H.B. 4503 (H-1): COMMITTEE SUMMARY               REPLACEMENT OF OBLIGATIONS

 

 

 

 

 

 

 

 

 

 

 

House Bill 4503 (Substitute H-1)

Sponsor: Representative Robert Breckenridge House Committee: Local Government

Senate Committee: Local, Urban and State Affairs Date Completed: 11-29-95

SUMMARY OF HOUSE BILL 4503 (Substitute H-1) as passed by the House:

 

The bill would amend Public Act 354 of 1972, which authorizes the replacement or payment without presentation of lost, destroyed or wrongfullytaken bonds, to permit a paying agent to exercise on behalf of the governing body of a public corporation the powers granted to it to replace an obligation.

 

Currently, a public corporation, by resolution of its governing body or the State Treasurer, may replace an unmatured or matured obligation that has been lost, apparently destroyed, or wrongfully taken, when certain items have been furnished, including an indemnity bond to indemnify the public corporation and a paying agent against any loss they may suffer because of issuing a replacement obligation or paying an obligation without presentation of the obligation. The bill would require that an indemnity bond be issued by a company rated in one of the three highest rating categories and one of the top 10 financial size categories by a nationally recognized insurance rating agency, and would require the bond to indemnify the public corporation, the obligor, if any, and the paying agent.

 

For a paying agent to exercise the powers to replace an obligation, the following conditions would have to be met: the governing body adopted a resolution generally authorizing the paying agent to exercise these powers, and, in each case in which the paying agent wished to exercise these powers, the paying agent notified the governing body in writing and the governing body did not object within 60 days after being notified.

 

A paying agent would have to notify the governing body of a public corporation of that agent’s exercise of powers granted to the governing body under the Act within 30 days after exercising these powers. The bill also specifies that a person holding the same office held by the person who originally executed the obligation would be authorized to execute and seal a replacement obligation without further action of the governing body upon notice from the paying agent that the conditions for issuing a replacement obligation had been met.
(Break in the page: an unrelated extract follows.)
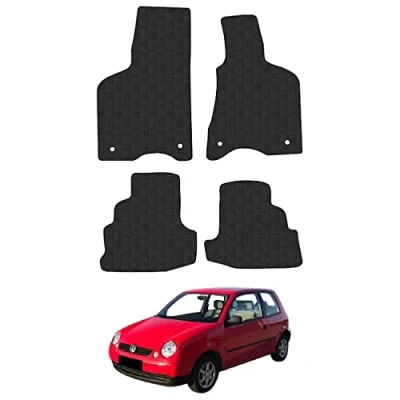 Image of Rubber Car Mats Compatible with VW Lupo (1998 2005) Tailored Fit Floor Set Accessory Black Custom 4 Pieces Clips Anti Slip Backing, Heavy Duty &amp; Waterproof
If a public corporation were organized under the Economic Development Corporations Act, either the legislative body of the municipality that incorporated the corporation or the public corporation’s governing body could adopt the resolution. If the legislative body adopted the resolution, that body, rather than the governing body, would have to be notified and could exercise the power to object.

 

“Paying agent” would mean either of the following: for an obligation that was not registered as to payment or principal by or on behalf of the public corporation that issued the obligation, any bank or trust company designated by the public corporation to make payment of principal of or interest on the obligation; or, for an obligation that was registered as to payment of principal by or on behalf of the public corporation that issued the obligation, any bank or trust company that was authorized by the public corporation to authenticate the obligation on behalf of the public corporation. “Obligor” would mean either of the following: a person or entity that had borrowed the proceeds of an obligation from a public corporation and was contractually obligated to make loan repayments sufficient to pay principal of and interest on the obligation; or, a person or entity that had leased, rented, or purchased on an installment basis from a public corporation a facility financed with proceeds from an obligation and that was making payments for the use or purchase of the facility in amounts sufficient to pay principal of and interest on the obligation.

 

“Public corporation” currently is defined as a body corporate organized pursuant to State law to carry out a public governmental or proprietary function, including the State, an agency of the State, or any school district, city, village, township, county, district, commission, authority, university, college, or any combination of these, which is a corporate entity. The bill would include an intermediate school district as a public corporation.

 

MCL 129.131-129.134                                                               Legislative Analyst: L. Arasim

 

FISCAL IMPACT

 

The bill would have no fiscal impact on State or local government.

 

Fiscal Analyst: K. Lindquist

 

 

 

 

 

 

 

 

 

 

 

 

 

S9596\S4503SA

 

This analysis was prepared by nonpartisan Senate staff for use by the Senate in its deliberations and does not constitute an official statement of legislative intent.